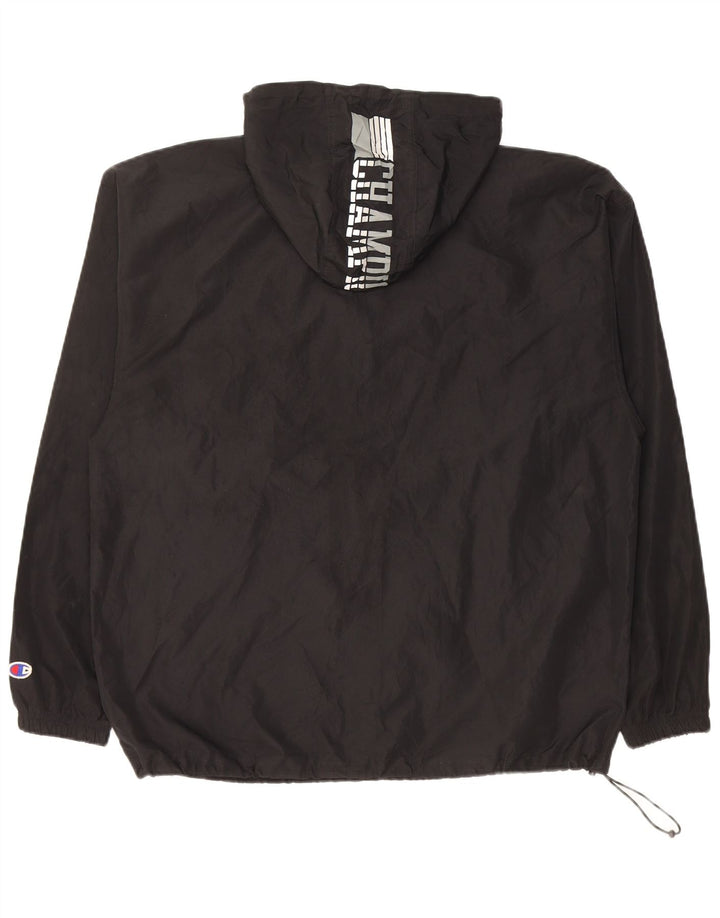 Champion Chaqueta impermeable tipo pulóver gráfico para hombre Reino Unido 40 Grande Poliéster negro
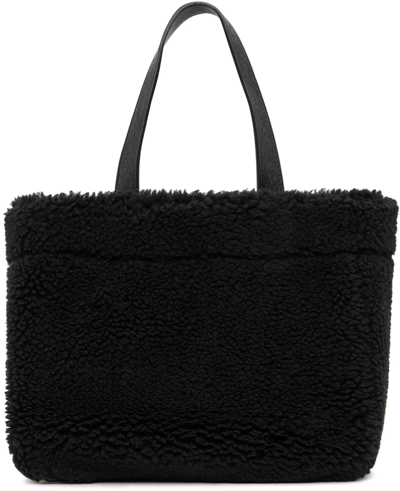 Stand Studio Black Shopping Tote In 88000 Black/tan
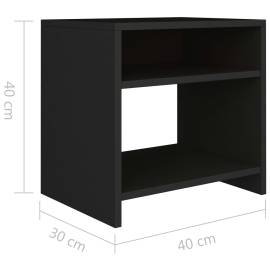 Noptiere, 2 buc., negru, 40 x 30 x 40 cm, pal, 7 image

→ EXERCISE: Only the pictures are to be left out; restate everything else in the listing word for word.

→ RESPONSE:
 Champion Chaqueta impermeable tipo pulóver gráfico para hombre Reino Unido 40 Grande Poliéster negro
 Stand Studio Black Shopping Tote In 88000 Black/tan
 Noptiere, 2 buc., negru, 40 x 30 x 40 cm, pal, 7 image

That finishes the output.